Hopkins started by defining imagination as “the ability to see things as if they were otherwise.” But, in the words of the American abolitionist Mariame Kaba, “We live in a system that has been locked into a false sense of inevitability.” My imperfect notes suggest that Kaba may also have talked about “the decline of imagination since the 1990s.”

The function of imagination is to bring “longing into the world”—I’d say that what this does is to create a narrative gap that we are then moved to fill. (In the Seeds of Good Anthropocenes approach, this is what the “mature seeds” are designed to do.)

For example, although as a species we only landed on the Moon in 1969, we had been there many times before in our culture, whether with Tintin as our guide, or Frank Sinatra.

(Image: Transition Bude via Rob Hopkins)

Hopkins noted several examples of creating such imagination—the work of James McKay in Leeds, visualising different versions of a future Leeds.
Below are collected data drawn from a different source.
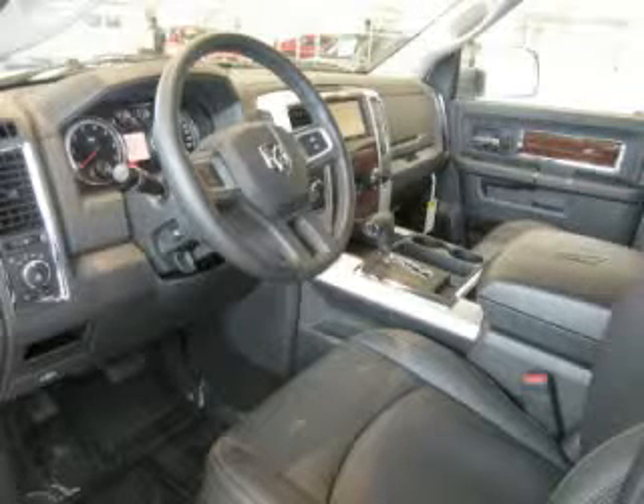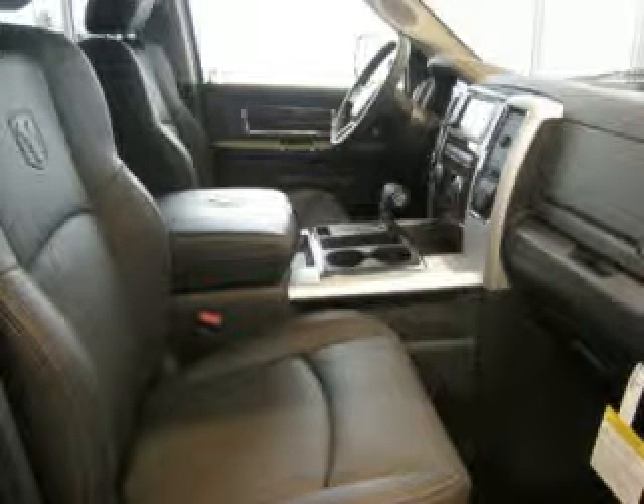Are you ready to experience this vehicle for yourself? Then call today to schedule your test drive, and remember to ask about Armo Internet financing.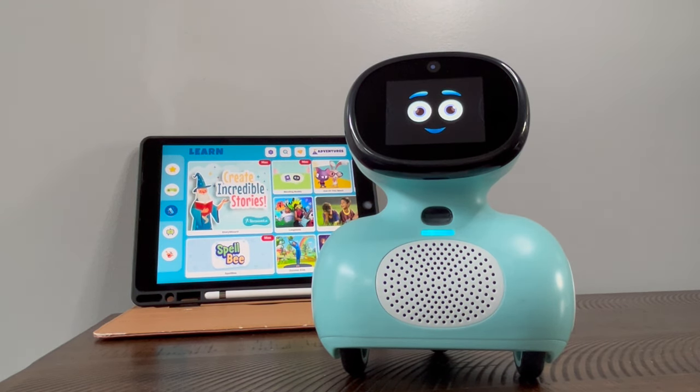I've gone through all the setup here. You have to set up a Miko Mini parent app first, and then you set up the Miko Companion app, which you'll see back here on my tablet.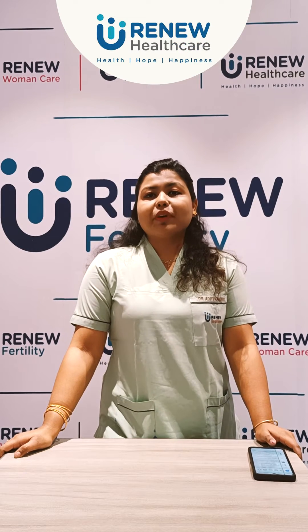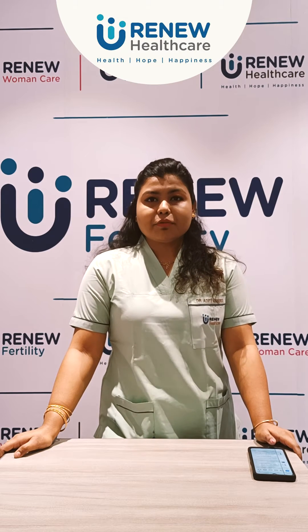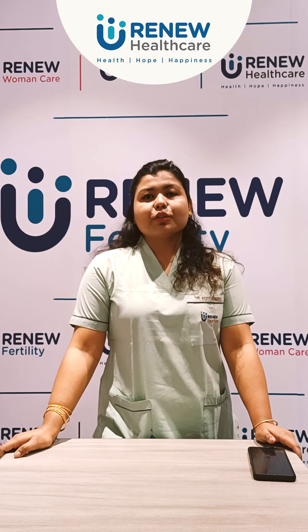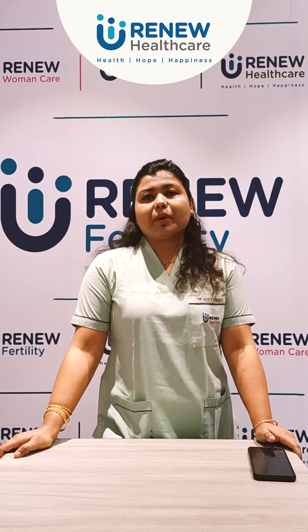Folliculometry is a very important and integrated part of female infertility evaluations for any fertility clinic. I am Dr. Aditi Kanungo from Renew Healthcare, Kolkata, here to talk about it.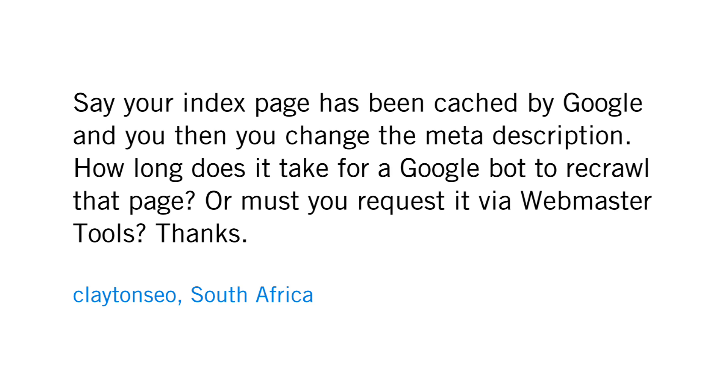Clayton SEO from South Africa asks: say your index page, or any page on your site, has been cached by Google, crawled and indexed by Google, and then you change the meta description. How long does it take for Googlebot to re-crawl that page? Or must you request it via Webmaster Tools?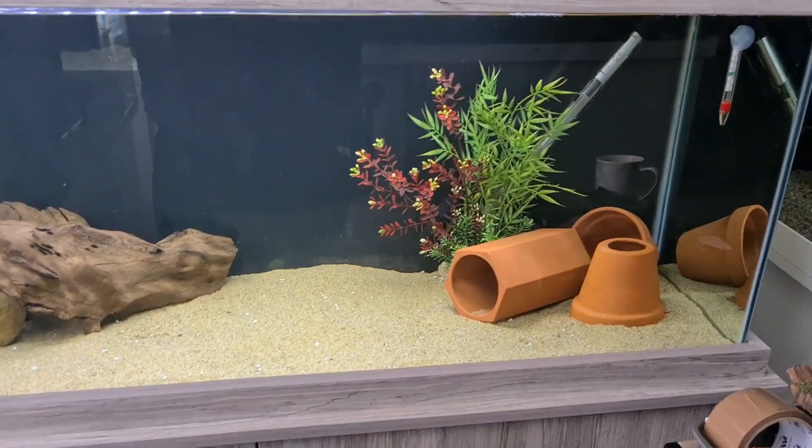Thank you to everybody that's already subscribed — it means so much. We're nearly at 1,150 subscribers now, so we're doing really well, and we're nearly at the watch minutes too. Today's video we're going to talk about the biggest waru cichlid I've ever seen and do an update on the rainbow cichlids — and that's where we'll start.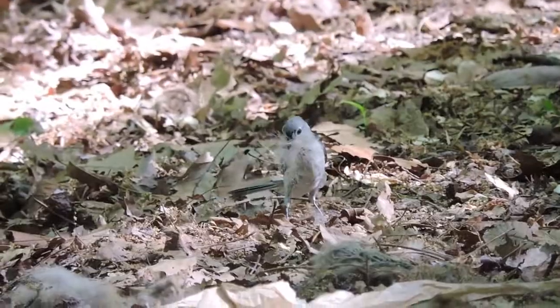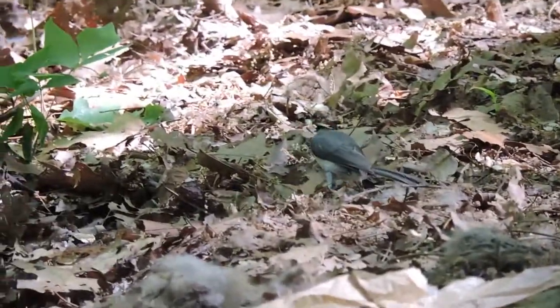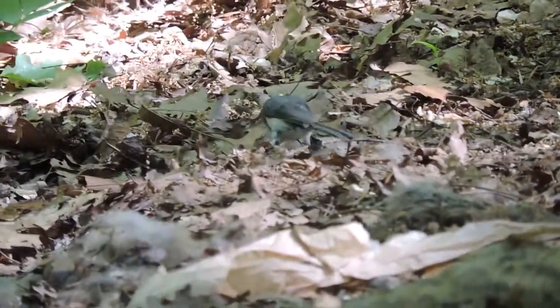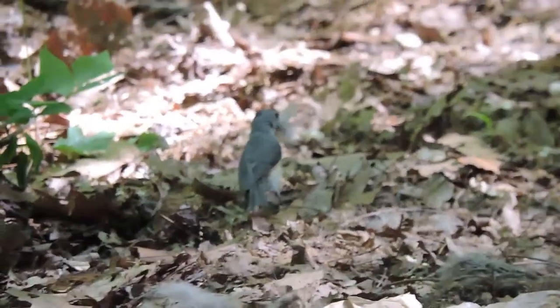What we have here is a tufted titmouse, and you can see it's got its beak full of fur. It's fox fur. It's picking fox fur from the front of a fox and collecting it so it can line its nest.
Or Transition Bude, which ran an extended “What If?” campaign to change future perceptions. Or the Swedish Green party, which used images of a desirable current life as a way to disrupt the present.

Hopkins shared his “imagination sundial”—a wheel based on four elements, of space, place, practices, and pacts.

(Image: Rob Shorter: CC BY-SA 4.0

Space is about creating what I’d call “looseness”—a bit more time, a bit more slack in the system, whether it’s a four day week or a form of Universal Basic Income. (And it’s possible to believe that Kaba’s “decline of the imagination” has something to do with the way that work regimes and technology have combined to squeeze our loose time, even our opportunities for boredom.)

Place is about disrupting the way we see the world around us—whether that is Extinction Rebellion foresting Waterloo Bridge, or “parking days”, where artists buy parking spaces for the day but don’t park cars in them.

Practices is about creating mental space for imagination—quite literally. Both memory and imagination are developed in the hippocampus, and the hippocampus shrinks in response to stress (specifically in response to cortisol).

One example of Practices is Transition Town Anywhere. Another is the Dundee Art Angel project which treats all its participants as artists, rather than clients or service users, even though its working with mental health issues. One of the requirements of participants is that they illustrate how they felt when they joined and how they feel now.

(Image: Art Angel, Dundee, via Rob Hopkins)

What if? questions also work as a practice. What if Tooting’s bus turning circle was a local green? What if the majority of food eaten in Liege was grown in the fields around the city?

Pacts are about making agreements to get things done. Bologna’s Civic Imagination Office, for example, enables new spaces and places to come into being by agreeing the commitments that the city will make—in exchange for the resources that other parties agree to bring in to make change happen.

I’d noticed Rob’s book when it came out last summer, although I hadn’t bought it. But the model sounds interesting and I’ve ordered the book to understand it better.